A group $Q$ is called simple if $|Q|>1$ and the only normal subgroups of $Q$ are the trivial subgroups $\{e\}$ and $Q$.
Prove that for any finite group $G$ there exists a sequence of nested subgroups of $G$, $\{e\}=N_0\leq N_1\leq \cdots \leq N_n=G$ such that for each integer $i$ with $1\leq i\leq n$ we have $N_{i-1}\trianglelefteq N_i$ and the quotient group $N_i/N_{i-1}$ is simple.
My idea is to try induction on $|G|$. But I am having a hard time putting this into practice...

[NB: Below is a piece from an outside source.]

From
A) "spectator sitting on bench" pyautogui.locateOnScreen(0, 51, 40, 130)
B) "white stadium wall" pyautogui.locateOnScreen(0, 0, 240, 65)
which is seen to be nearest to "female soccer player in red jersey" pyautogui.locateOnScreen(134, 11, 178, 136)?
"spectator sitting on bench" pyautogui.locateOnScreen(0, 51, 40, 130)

Evidently, $G/N$ is simple and nontrivial if and only if $N$ is a maximal proper normal subgroup. If $G\ne\{e\}$, the set of proper normal subgroups $G$ is ordered inductively by $\subseteq$, therefore it has maximal elements. If the group $G$ is finite, a recursively defined sequence $M_0\trianglerighteq M_1\trianglerighteq \ldots$ where each $M_i$ is a maximal proper normal subgroup of $M_{i-1}$ must terminate (say, with $M_k=\{e\}$), because their cardinalities are strictly decreasing. $N_i=M_{k-i}$ is a sequence such as those you want.